Dans le cadre de la transition du Legacy vers le cloud, les FinOps ont un quatrième rôle : mener cette transition, justement. Faut-il consolider l'existant dans le cloud ? Faut-il réécrire l'applicatif ? Les FinOps vont ainsi mener un travail d'architecte pour améliorer l'existant.
Les traders du cloud
Enfin, le cinquième axe est celui de l'optimisation financière, dans la ligne du gestionnaire de contrats classique, mais avec l'agilité du trader. « A service équivalent, quel est le cloud le moins cher ? » interroge Jean-Christophe Laissy. La réponse varie évidemment dans le temps. Et le DSI ajoute : « nous n'en sommes pas encore là mais, à terme, l'idée est d'acheter en temps réel de la capacité là où elle est la moins chère, y compris le cas échéant en misant sur des engagements globaux de volumes auprès de tel ou tel fournisseur. »
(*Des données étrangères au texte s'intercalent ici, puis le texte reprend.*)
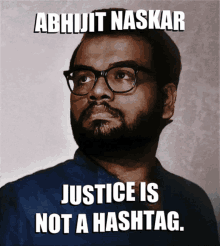 Justice Is Not A Hashtag Abhijit Naskar GIF - Justice Is Not A Hashtag Abhijit Naskar Naskar GIFs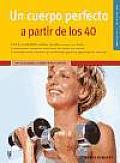Un Cuerpo Perfecto a Partir De Los 40/ Bodystyling Ab 40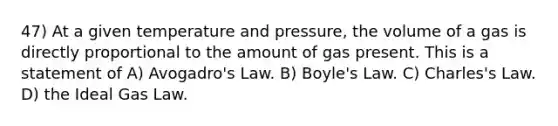 47) At a given temperature and pressure, the volume of a gas is directly proportional to the amount of gas present. This is a statement of A) Avogadro's Law. B) Boyle's Law. C) Charles's Law. D) the Ideal Gas Law.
Si l'approche deviendra toujours plus agile et donc itérative, elle suppose d'ores et déjà de tout mesurer en permanence. Des outils commencent à exister pour cela, comme Teevity que Veolia utilise et que le DSI trouve facile à prendre en mains. Et les outils fournis par les prestataires de cloud sont également largement employés, en attendant l'intégration de l'IA. Jean-Christophe Laissy martèle : « entre un applicatif optimisé et un qui ne l'est pas, la différence est telle que le ROI est rapide. » Par rapport à l'époque où la ressource était rare, il y a trente ou quarante ans, l'optimisation n'est plus une question technique mais une question financière. « Avant, si on n'optimisait pas, cela ne marchait pas, maintenant cela marche mais coûte cher, ce qui fait que c'est le DSI qu'on risque de ne plus faire tourner » sourit Jean-Christophe Laissy.